Inconsistent memory usage on array of strings?

Root / SmileBASIC Bug Reports / [.]

raimondzCreated:
Working on SmileIde, I noticed an strange behavior when an array of string stores a lot of data. On the pictures below are some test that check how much memory is used if I store the same content in different ways (As string and an array of string where the concatanated content should be equal to the string) and the implementation of the test. At some point the array start to use more memory than the string.

This both surprises and does not surprise. Instinctually, I want to say it's because the array allocates memory to store all of its elements, whereas the string only needs to allocate one spot (or maybe not? Allocation must always take place since strings can change the amount of bytes they contain?) I'm not much of a computer scientist, but I'd say that discrepancy is due to the array having to allocate and store to many places in memory. This is good to note. I've always used string arrays to store large text files because it was easy. Maybe there's a better way ... Say, write a function that turns a string into an array? Pass it a position and it returns a chunk of text.

(As string and an array of string where the concatanated content should be equal to the string)
Not true. Keep in mind that you have to be able to distinguish between ["FFF","FFF","FFF"] and ["FFFFF","FF","FF"], so even if all the data was stored contiguously (which is very unlikely for various reasons) you would still need to store lengths for each string, on top of storing a length for the array itself. I think there's something wrong with the way you're measuring this, though, especially given a 50-item array comes up as 0 bytes. It also doesn't make sense for the string to take up more space than the array at any point.

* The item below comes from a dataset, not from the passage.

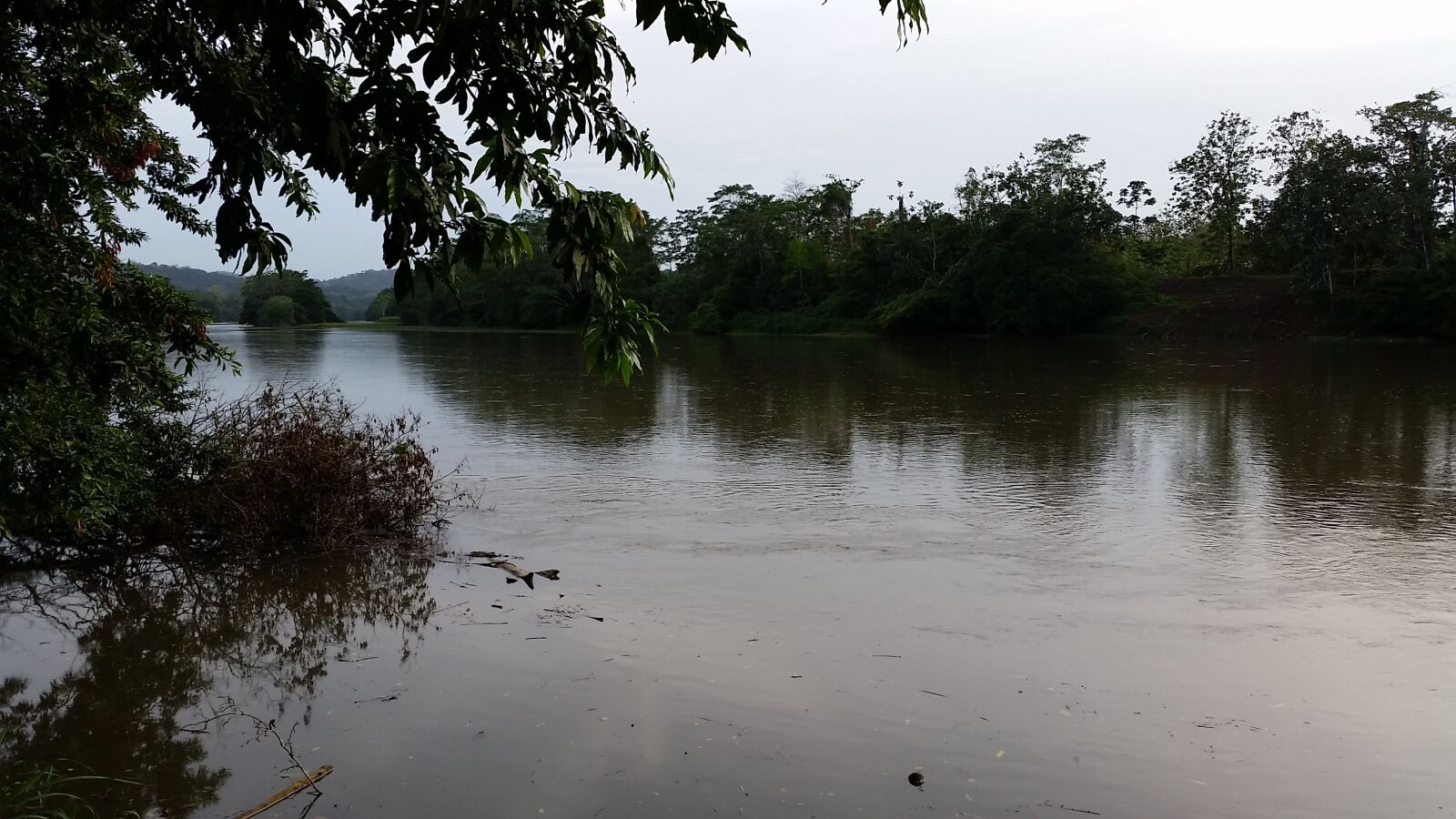 Samsung Galaxy S5 sample photo. Costa rica, san carlos photography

For the record, I imagine the data structures look something vaguely like this for SmileBASIC:
struct string {
 u32 refcount;
 u32 length;
 u16 contents[]; 'UTF-16
}

struct string_array {
 u32 refcount;
 u32 length;
 string* contents[];
}

This is good to note. I've always used string arrays to store large text files because it was easy. Maybe there's a better way ... Say, write a function that turns a string into an array? Pass it a position and it returns a chunk of text.
Yeah, now I'm using a single string and an array of integer that store the position of each linebreak. That use way less memory than the string array. @niconii I also found it weird that the array of 50 strings return 0 bytes, that's why I posted the code on first place. That pic contains all the code of the test. I thought that it could be a linked list(For one dimensional arrays) since they support push/unshift and pop/shift operations. From my experience on other programming language, you need to create a new instance(allocate memory) of an array if you want to change their size, then copy the content of the old instance. However, I didn't beleive that the pointers between nodes add too much size... thats why I posted this issue. Anyway, I can't say if this is a bug or not since I don't know how they implemented the arrays.

Yeah, now I'm using a single string and an array of integer that store the position of each linebreak. That use way less memory than the string array.
I've already begun work on a library for this :D I've been wanting a versatile way to edit 2-D arrays, and I think by using this method I can create a function library that treats strings as 2-D arrays, and uses basic string manipulation to edit them. I don't know why I didn't consider this before. The only drawback to this implementation is the dramatic speed decrease that comes with excessive string manipulation.